I probably am in the same boat as a lot of people here where money really isnt an issue and we can afford the Apple pricing but do not want to pay the "Apple tax" - from an IT guy point of view I really do not want the "hassle" of troubleshooting an aftermarket drive if there is an issue with TRIM or speeds mot matching at least what the Apple drive does which would be my main concern.
So - all that being said, can anyone shed some light or point me to some banchmarks on the aftermarket drives in a Mac Mini? I have located the benchmarks on the drives themselves but thats not a true representation of the drive in the Mini IMO.
Thanks for reading...
If you buy a decent, new SSD I seriously doubt that you will have any problems whatsoever (beyond normal bad hardware issues that can happen with ANY hardware and warranty issues). Tens of Thousands of people have added after market SSDs for years. On forums I see a lot of people wondering *IF* they will have problems with after market SSDs. I don't recall seeing anyone complain that they actually *DID* have problems, except for warranty problems if they needed to go back to Apple for unrelated issues.

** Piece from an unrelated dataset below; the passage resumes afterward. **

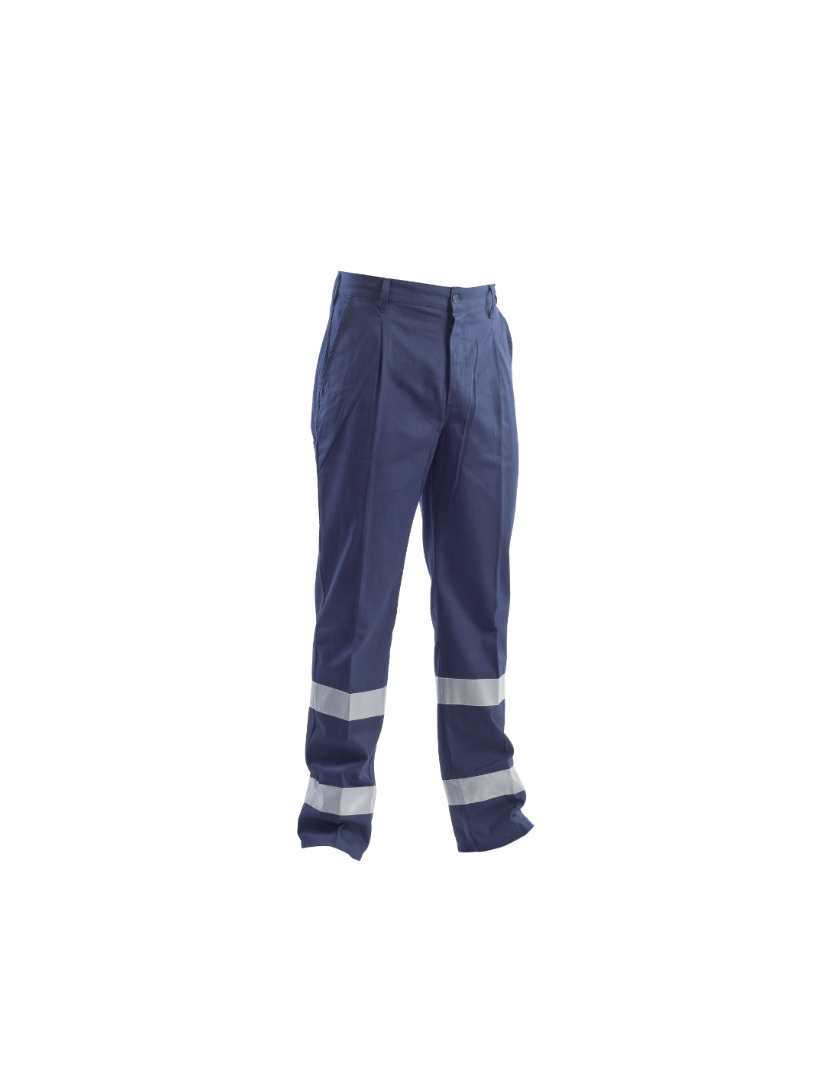 Pantalone cotone massaua con bande blu navy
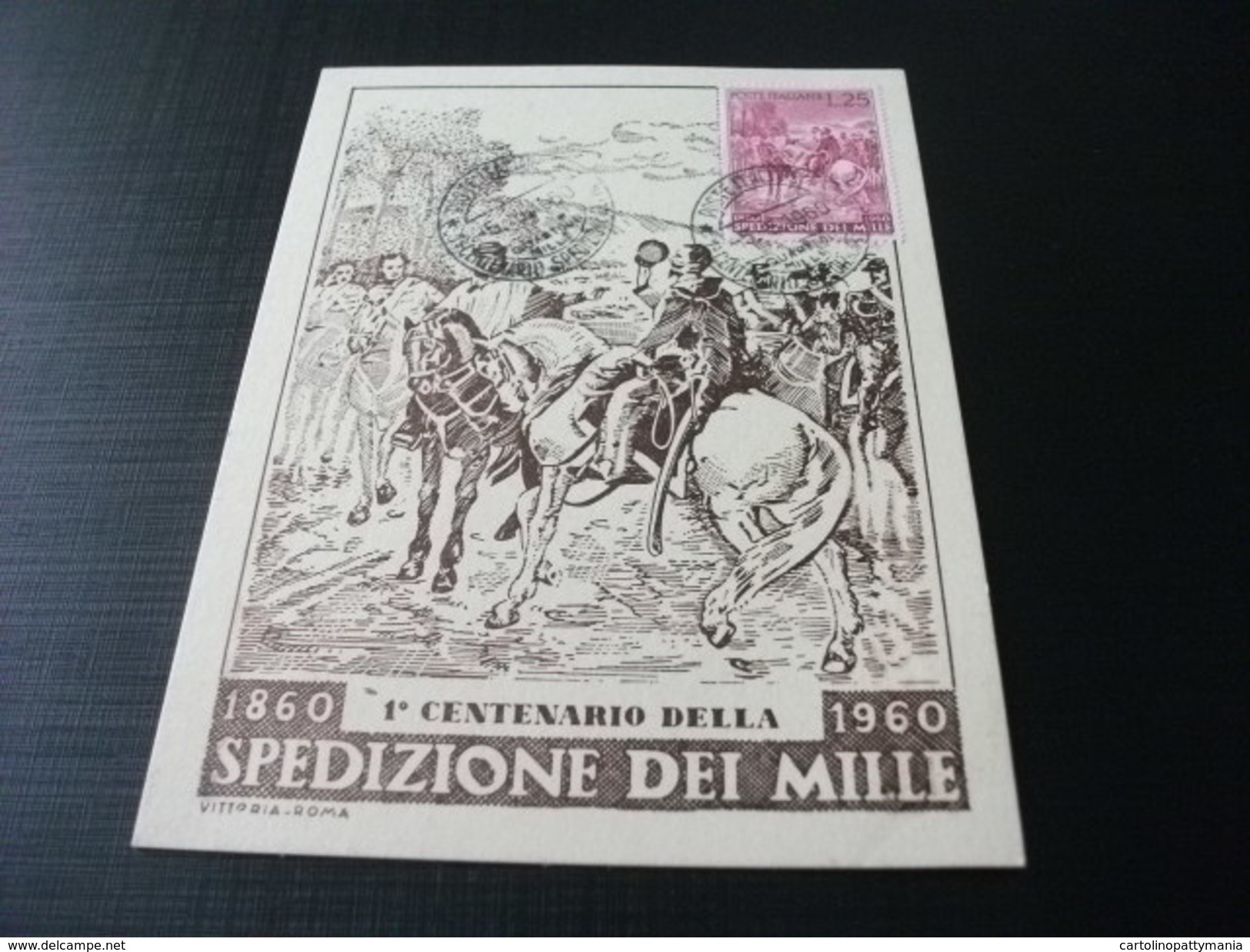 CARTOLINA POSTALE MAXIMUM 1° CENTENARIO DELLA SPEDIZIONE DEI MILLE 1960 GARIBALDI INCONTRA IL RE - Uomini Politici E Militari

As far a TRIM goes, as far as I can tell, people are suck in the past. Enabling TRIM is no longer a requirement. Many newer drives handle the cleanup without TRIM via their own garbage collection process. If I'm wrong on this some PLEASE correct me.
As far as benchmarks go, there are lots of sites that you can check, such as
http://www.anandtech.com/tag/storage. One thing that I would point out though, people often put far too much value on write performance. I would point out 2 things: First, in normal settings, the majority of your IO is going to be read, not write. Second, write times for some drives are using compression. If you turn on file vault, none of you data is compressible and your write speed might be half of what you think that it is.
If you want to add an aftermarket drive then you will probably be fine, your only real risk is the one that comes from opening the case and swapping out parts.... Not the SSD itself.
This is all my opinion of course, and opinions are like *******s and elbows, everybody has at least one.